I lump yawls and ketches together here because the share many similar characteristics. Ketches, in one form or another, have been around for a very long time. In the days before winches, light weight- low stretch sail cloth, high strength- low stretch line, and low friction blocks, breaking a rig into a lot of smaller sails made sense. It made it easier to manhandle the sails and make adjustments. Stretch was minimized so the sails powered up less in a gust and although multiple small sails are less efficient, the hulls were so inefficient that the loss of sail efficiency did not hurt much. Multiple masts, along with bowsprits and boomkins, allowed boats to have more sail area that would be spread out closer to the water. In a time of stone internal ballasting this was important as it maximized the amount of drive while minimizing heeling. Multiple masts meant more luff length and more luff length meant more drive forces to windward. But multiple masts also meant more weight and much more drag. There are also issues of down draft interference, meaning that one sail is operating in the disturbed and turbulent air of the sails in front of it, which also greatly reduces the efficiency of multi mast rigs. 

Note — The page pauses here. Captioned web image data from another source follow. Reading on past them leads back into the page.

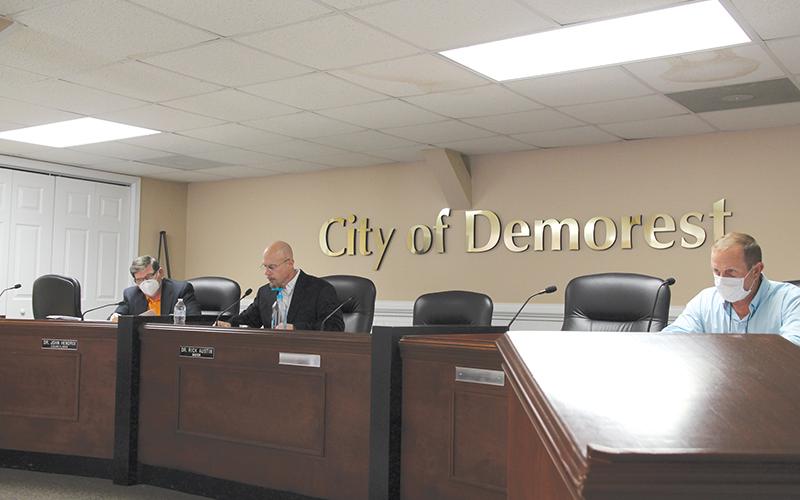 Councilman John Hendrix, Mayor Rick Austin and Councilman Nathan Davis conduct business at the Tuesday night meeting. 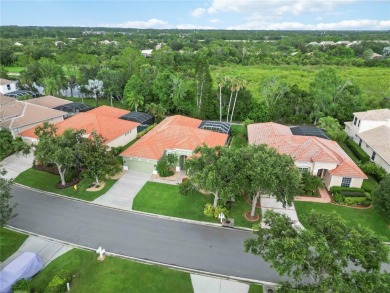 Beautifully maintained Lee Wetherington executive pool home on The Preserve Golf Club At Tara in Florida - for sale on GolfHomes.com, golf home, golf lot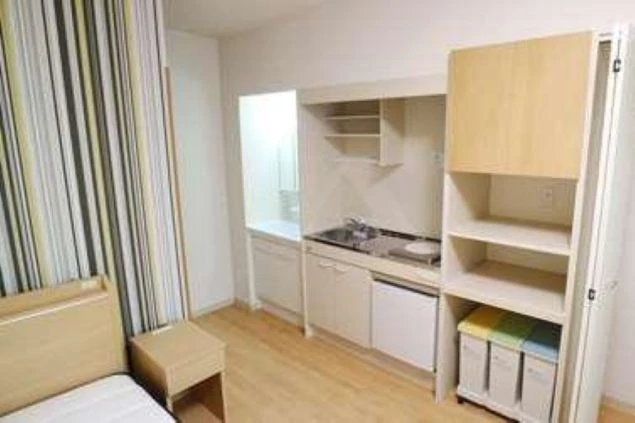 リゾートバイトの個室寮の個室内にあるシステムキッチン画像。ゴミ箱や収納棚なども充実している。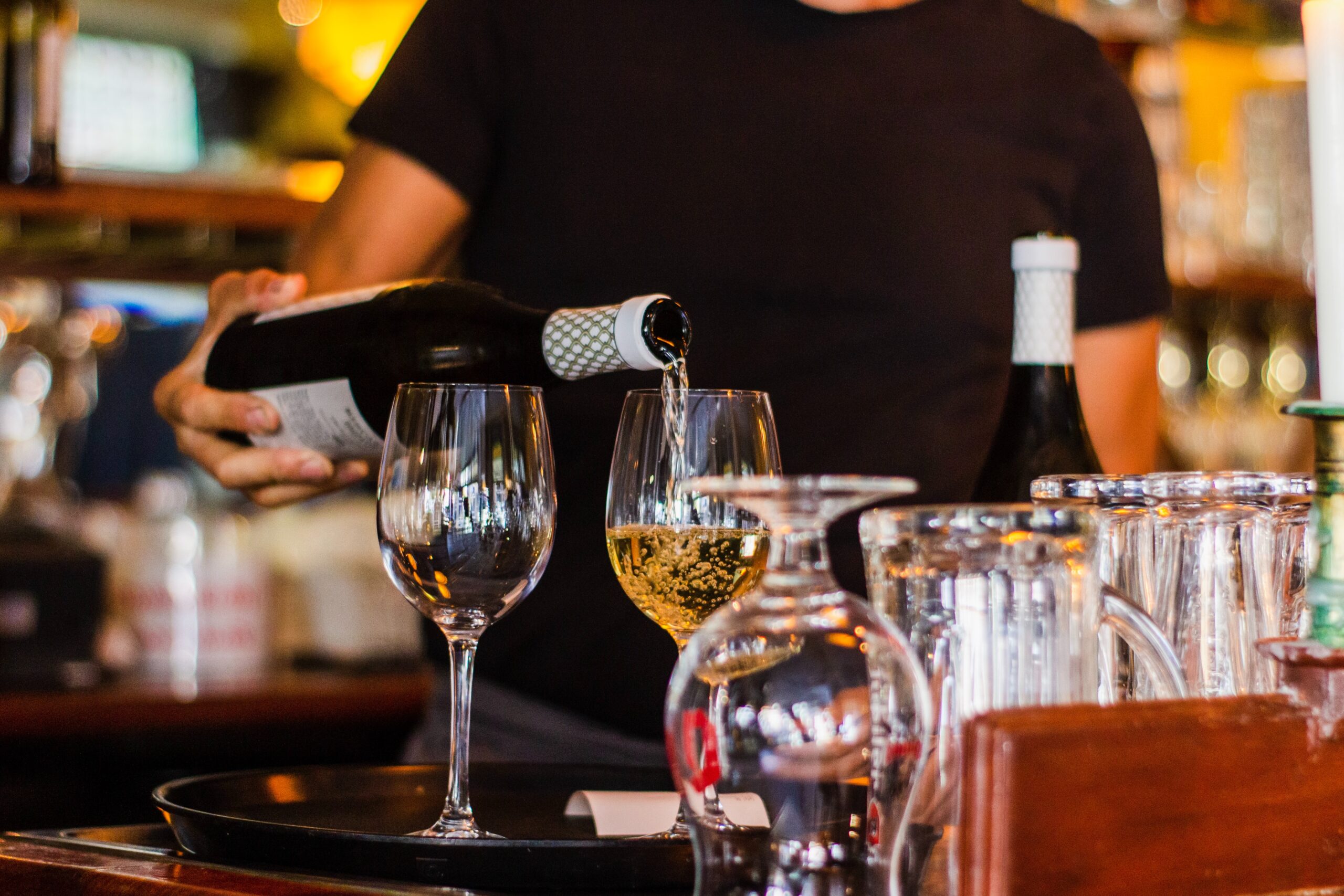 Bild på en bar där någon häller upp vin i vinglas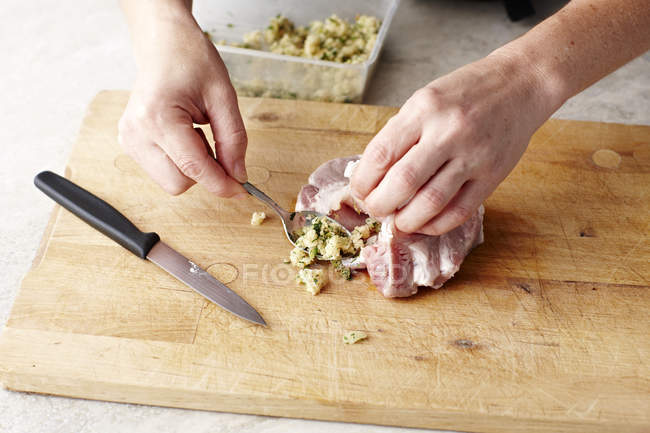 Mani delle donne ripieno bistecche di maiale sul tagliere — Foto stock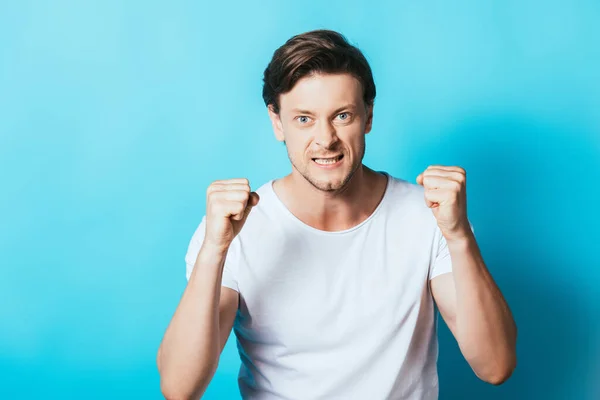 Wütender Mann im weißen T-Shirt mit Fäusten und Blick in die Kamera auf blauem Hintergrund — Stockfoto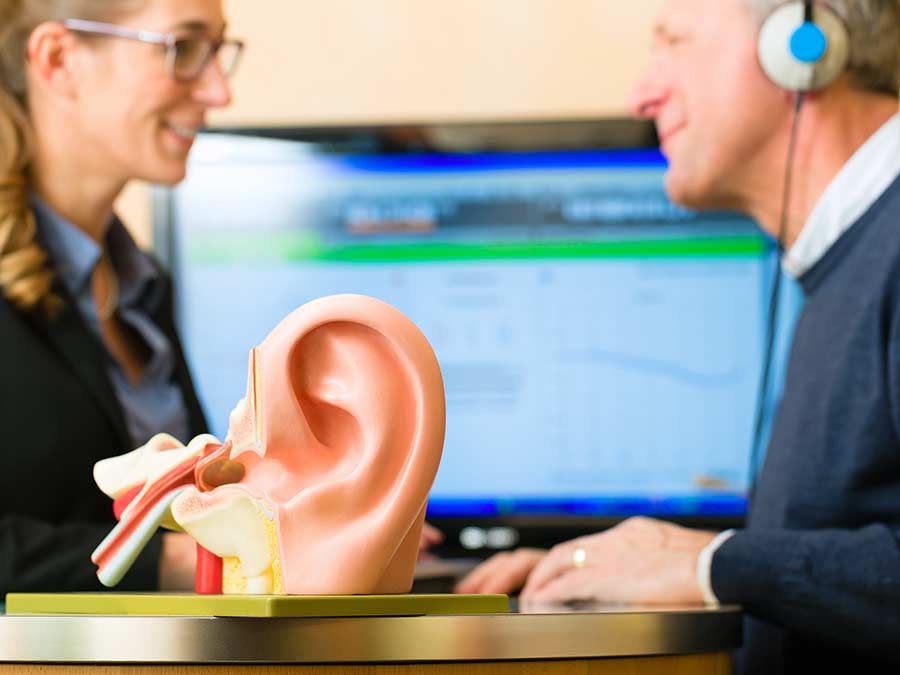 Schedule a hearing test at Amplify Hearing - this image shows a hearing test in progress with an anatomical model of an ear in the foreground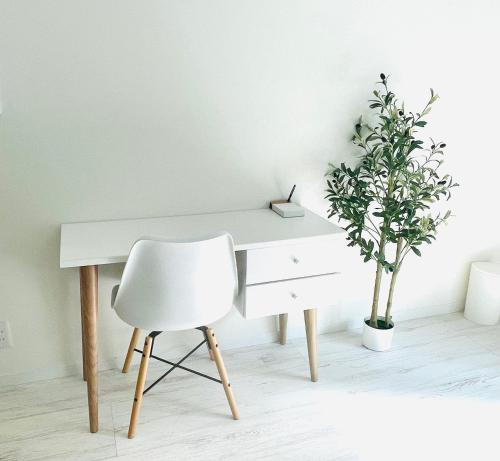 a white desk with a chair and a plant at Sunny Inn Sumida in Tokyo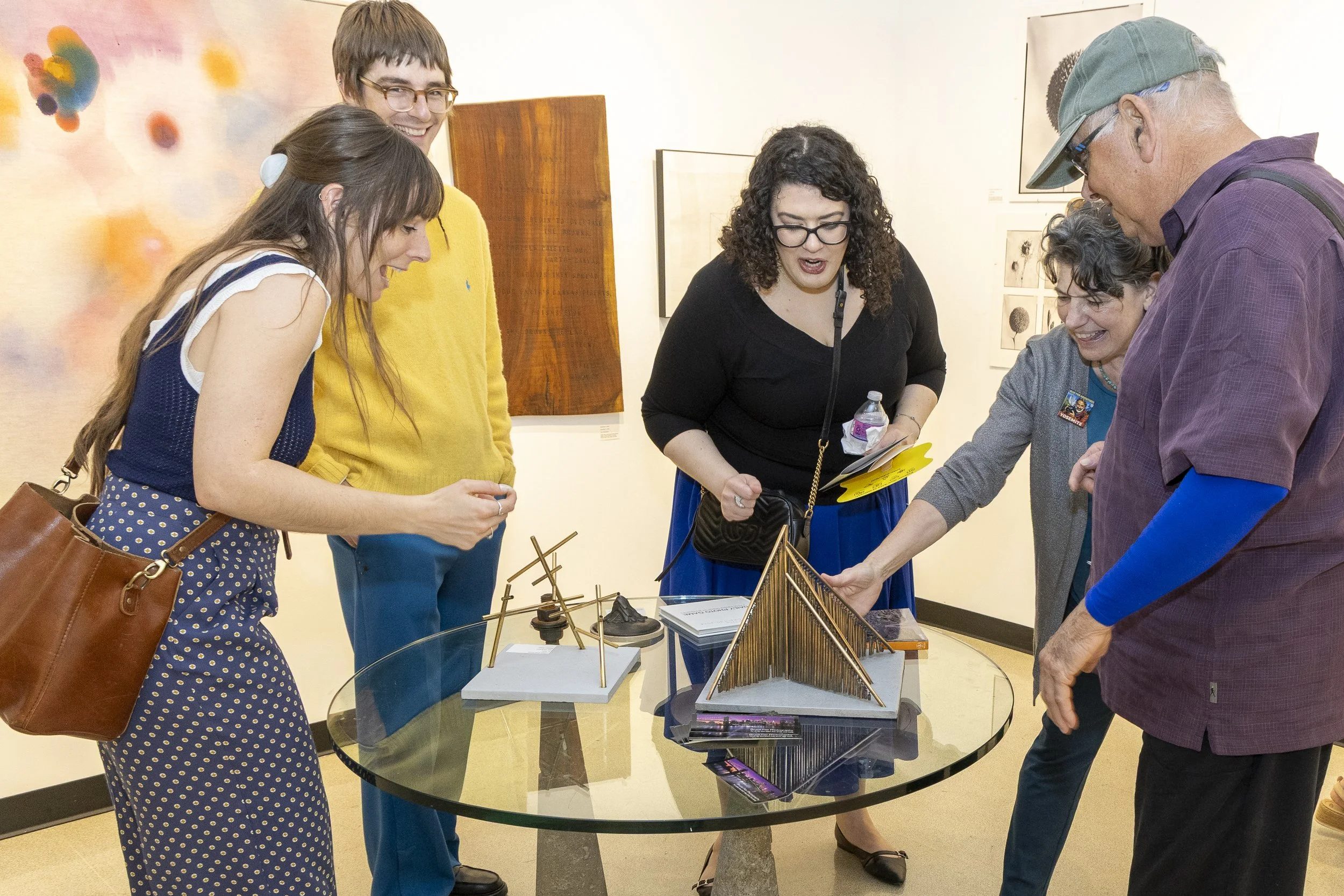  (L-R) Cassidy and Julian Rawlinson, friends of Blue Fier’s wife Kim Saunders, Amanda Dekermenji (CQ), friend of Blue Fier’s oldest son, Zack, and Thea and Johnny Fier, brother of Blue Fier, are touching and experiencing The Sound Walk sculpture duri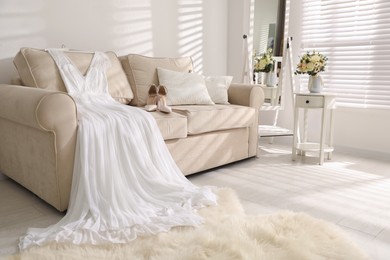 Beautiful wedding dress and shoes on sofa indoors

Yawls really came into being as race rule beaters. They are first seen in the 1920''s as a rule beater under the Universal and International rules. They continued to be popular under the CCA rule as well. Under these rules, the sail area of jibs and mizzens were pretty much ignored in the rating. This popularized the masthead rig and the yawl. 

There was a basis for not measuring the sail area of a yawl under these rules. On a yawl going to windward, the mizzenmast and sail actually produce more drag than they do drive. This is because the mizzen is sailing in really turbulent air and has to be over trimmed to keep from luffing which can effectively act as an airbrake. This is slightly less of the case on a ketch where the size of the mizzen is large enough to provide a larger percentage of the drive. 

Downwind mizzens also are a problem. In this case they are forcing the main or foresail to operate in their bad air and so again they are not adding as much to the speed of the boat as they are taking away. BUT in the predominantly reaching races that were typical of offshore races of that era they offered a number of advantages. First of all on a reach the sails are not acting in the slipstream of each other and so each contributes a fair amount of drive for the drag produced. Also with the advent of lightweight low stretch sail cloths, mizzen staysails, which are great reaching sails, came into widespread usage in racing. Here again a ketch has the advantage of having a taller mizzen and so can fly a bigger mizzen staysail. 

It might be helpful to compare yawl and ketch rigs to sloops. The broad generalities are that for a given sail area a sloop rig will generate a greater drive for the amount of drag generated pretty much on all points of sail. That means that a sloop will be faster or will require less sail area to go the same speed. Sloops are particularly better than Multi spar rigs such as Yawls and Ketches on a beat or on a run. A sloop rig would tend to be taller for a given sail area. This means it would be better in lighter air but it potentially might heel more or need to be reefed sooner as the breeze picks up. 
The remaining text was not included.